One of these risks includes an increase in suicidal thoughts and actions. She says that “Notably, the SSRI Paxil was found to create two times as much suicidal idolization in childhood, compared to a placebo.” This is because the child’s brain chemistry is not fully matured yet, but children aren’t the only ones affected by ssris because She does go on to say that studies have shown adults to have increase suicidality also, but it was small. Although there are dangers to children using ssris there are potential dangers to women using ssris as well especially while pregnant as explained by Tracey Walker the article backs up the potential dangers of using ssris during pregnancy. She points out that there are risks involved such as birth defects, miscarriage, preterm birth, growth defects, and other complications with women who take ssris during pregnancy.

She points out that long term effects of ssris in the children that were exposed during pregnancy are not known but they say there is evidence that shows an increased rate of neurobehavior complications that may include a doubling rate in autism. Both Kim Wilton and Tracey Walker point out the major dangers and risks associated with ssris and the impacts they can have on our kids during pregnancy and on children. Although the research is different it shows that there are dangers and risks associated with ssris.Many people have successfully been treated with CBT for their anxiety disorders.
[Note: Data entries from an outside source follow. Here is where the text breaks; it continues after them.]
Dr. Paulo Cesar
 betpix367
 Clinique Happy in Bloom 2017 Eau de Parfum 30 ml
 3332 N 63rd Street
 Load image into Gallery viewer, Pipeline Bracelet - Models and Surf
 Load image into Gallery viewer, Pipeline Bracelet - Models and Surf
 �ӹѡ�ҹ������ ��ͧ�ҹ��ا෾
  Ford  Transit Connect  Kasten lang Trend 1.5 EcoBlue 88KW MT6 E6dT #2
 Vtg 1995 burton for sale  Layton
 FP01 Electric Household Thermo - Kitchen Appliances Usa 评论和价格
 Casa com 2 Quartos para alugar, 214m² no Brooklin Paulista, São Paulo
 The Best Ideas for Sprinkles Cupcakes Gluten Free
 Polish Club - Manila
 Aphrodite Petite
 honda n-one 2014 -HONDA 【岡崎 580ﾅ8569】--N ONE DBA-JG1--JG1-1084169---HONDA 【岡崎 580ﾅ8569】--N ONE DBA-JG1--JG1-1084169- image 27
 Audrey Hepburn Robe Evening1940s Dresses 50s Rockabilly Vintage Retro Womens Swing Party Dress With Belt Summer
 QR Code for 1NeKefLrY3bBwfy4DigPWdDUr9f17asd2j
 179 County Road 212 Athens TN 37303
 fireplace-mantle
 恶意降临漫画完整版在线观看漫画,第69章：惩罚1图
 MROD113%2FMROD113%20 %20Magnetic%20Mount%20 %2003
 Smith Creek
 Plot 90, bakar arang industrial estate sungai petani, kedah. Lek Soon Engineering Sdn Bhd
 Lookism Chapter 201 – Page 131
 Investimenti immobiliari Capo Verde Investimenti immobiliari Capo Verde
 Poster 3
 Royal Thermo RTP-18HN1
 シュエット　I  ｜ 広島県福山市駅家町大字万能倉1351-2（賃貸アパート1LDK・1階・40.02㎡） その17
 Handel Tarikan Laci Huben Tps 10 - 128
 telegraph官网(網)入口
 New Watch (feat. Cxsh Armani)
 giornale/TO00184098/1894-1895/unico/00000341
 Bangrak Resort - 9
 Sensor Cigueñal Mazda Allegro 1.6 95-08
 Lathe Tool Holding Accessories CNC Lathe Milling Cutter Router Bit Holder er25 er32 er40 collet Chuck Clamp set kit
researchers agree that CBT is quite effective and useful in treating anxiety conditions. While John Hunsley and Daniel Glenn agree that CBT is effective for treating anxiety John Hunsley adds the effectivness of specific anxiety disorders while Daniel Glenn looks at CBT and anxiety as a hole. John Hunsley a researcher at the university of Ottawa shows that social phobia(SP) or otherwise known as social anxiety disorder can be treated with many forms of CBT with considerable research behind them. In his research his review included a total of 33 studies that involved a total of 1,193 participants. He concluded that the results had shown marked benefits in patients who have received exposure-based CBT had significant benefits in treatment outcomes. He did another study on CBT treatment in GAD and found that forms of CBT had been quite efficacious across life span with evidence to prove its effectivness in adults and as well as the youth. He says that forms of CBT have also been found to be effective and efficacious in the treatment of OCD.

In the article by Daniel Glenn a researcher for University of Los Angeles department of Psychology acknowledges that CBT is quite effective in treating anxiety disorders. But he points out in his article that in order for CBT therapy to be effective it depends on the treatment dose and the level of engagement that the patient has. His findings suggest that higher doses in CBT and more patient engagement can be quite effective ways in improving treatment outcomes in CBT. Both John Hunsley and Daniel Glenn both do acknowledge the effective treatment of CBT, but Daniel Glenn adds the impacts of adding higher doses and patient engagement. Two researchers disagree In a review of the literature, it appears that ssris have significantly dangerous side effects and risks associated with the use of ssris in children and pregnant woman. Theses do sound quite dangerous however the benefits of ssris are not mentioned upon this paper and those are a big factor in considering ssris.

As far as CBT goes it is a pretty effective treatment in the case of Generalized anxiety disorders, Obsessive compulsive behavior, and Social anxiety disorder. But Daniel Glenn reminds us that CBT is quite effective at higher doses and when patients are engaged it shows significant improvement outcomes in patients.